### [YOUR GOAL]
The expected answer is the data below, printed verbatim without its pictures.
··· TASK INPUT
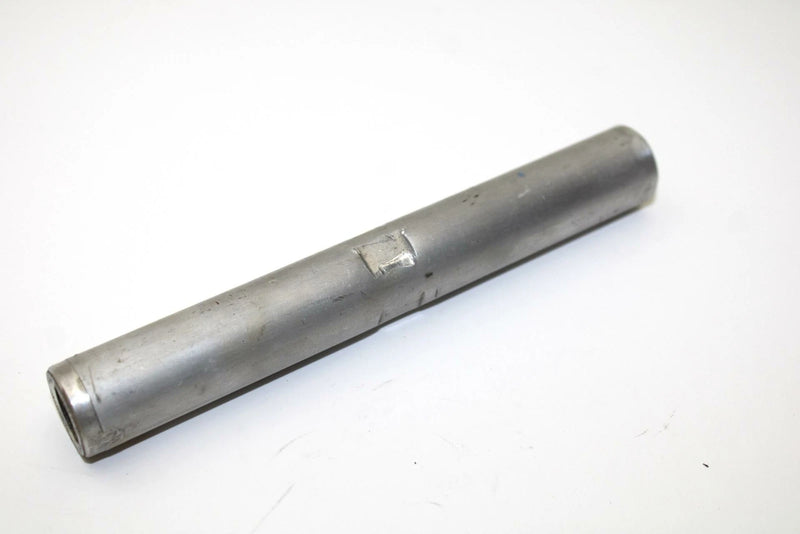 94 Arctic Cat Cougar OEM Tie Rod 0605-144 SA95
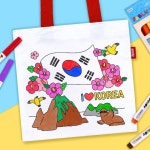 DIY 창의만들기 - 7월 - 레드포인트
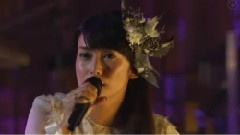 My Perfect Blue
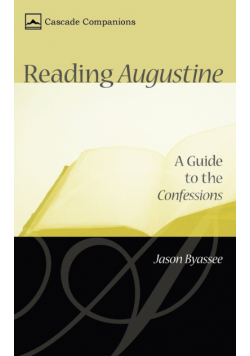 Reading Augustine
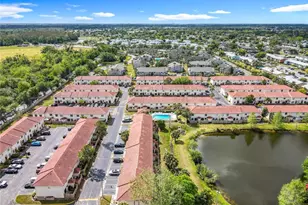 1732 Hidden Creek Blvd, Orlando, FL 32807 - Photo 63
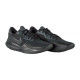 Кросівки баскетбольні Nike PRECISION VI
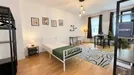 Apartment for rent, Berlin Charlottenburg-Wilmersdorf, Berlin, &lt;span class=&quot;blurred street&quot; onclick=&quot;ProcessAdRequest(12272897)&quot;&gt;&lt;span class=&quot;hint&quot;&gt;See streetname&lt;/span&gt;[xxxxxxxxxxxxx]&lt;/span&gt;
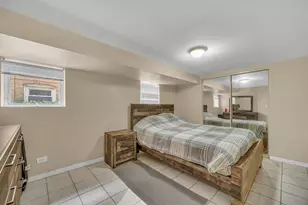 3331 N Rutherford Ave, Chicago, IL 60634 - Photo 23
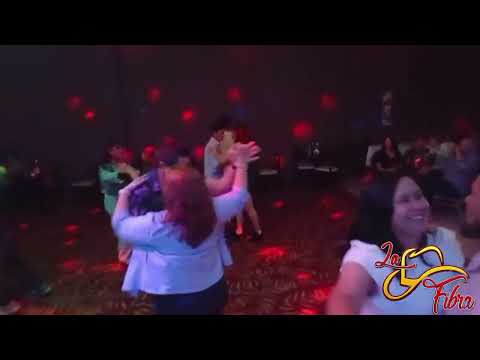 LA FIBRA👌🏻EN "VIVO"🎶🎵🎼👌"CASINO PLATINUM"(CHARATA CHACO)25/9/26" PART.1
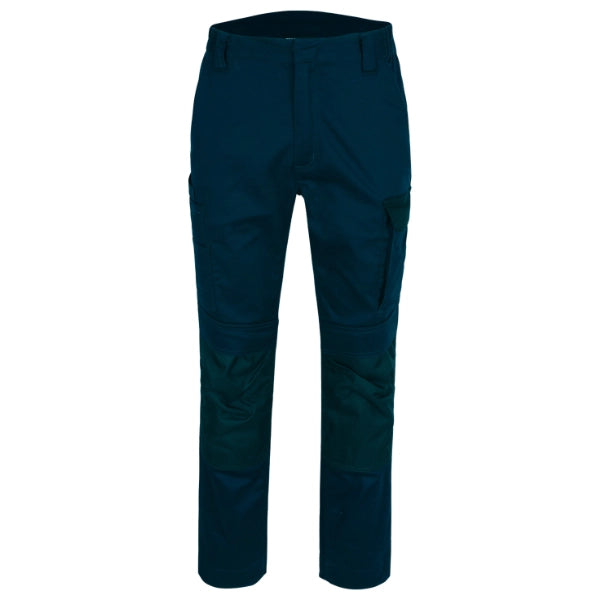 Pantalon de travail HEROCK® AXO – Résistant, confortable et conçu pour les professionnels exigeants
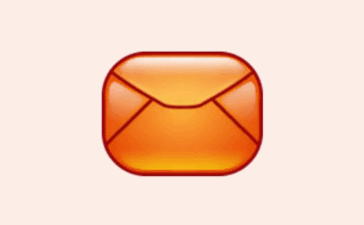 IncrediMail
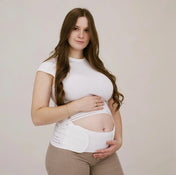 Pregnancy Belly Belt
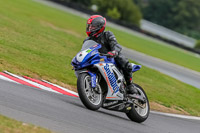 Oulton-Park-17-Aug-2018;PJ-Motorsport-Photography-2018;anglesey;brands-hatch;cadwell-park;croft;donington-park;enduro-digital-images;event-digital-images;eventdigitalimages;mallory;no-limits;oulton-park;peter-wileman-photography;racing-digital-images;silverstone;snetterton;trackday-digital-images;trackday-photos;vmcc-banbury-run;welsh-2-day-enduro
······
### [RESULT OF THIS EXERCISE]
 94 Arctic Cat Cougar OEM Tie Rod 0605-144 SA95
 DIY 창의만들기 - 7월 - 레드포인트
 My Perfect Blue
 Reading Augustine
 1732 Hidden Creek Blvd, Orlando, FL 32807 - Photo 63
 Кросівки баскетбольні Nike PRECISION VI
 Apartment for rent, Berlin Charlottenburg-Wilmersdorf, Berlin, &lt;span class=&quot;blurred street&quot; onclick=&quot;ProcessAdRequest(12272897)&quot;&gt;&lt;span class=&quot;hint&quot;&gt;See streetname&lt;/span&gt;[xxxxxxxxxxxxx]&lt;/span&gt;
 3331 N Rutherford Ave, Chicago, IL 60634 - Photo 23
 LA FIBRA👌🏻EN "VIVO"🎶🎵🎼👌"CASINO PLATINUM"(CHARATA CHACO)25/9/26" PART.1
 Pantalon de travail HEROCK® AXO – Résistant, confortable et conçu pour les professionnels exigeants
 IncrediMail
 Pregnancy Belly Belt
 Oulton-Park-17-Aug-2018;PJ-Motorsport-Photography-2018;anglesey;brands-hatch;cadwell-park;croft;donington-park;enduro-digital-images;event-digital-images;eventdigitalimages;mallory;no-limits;oulton-park;peter-wileman-photography;racing-digital-images;silverstone;snetterton;trackday-digital-images;trackday-photos;vmcc-banbury-run;welsh-2-day-enduro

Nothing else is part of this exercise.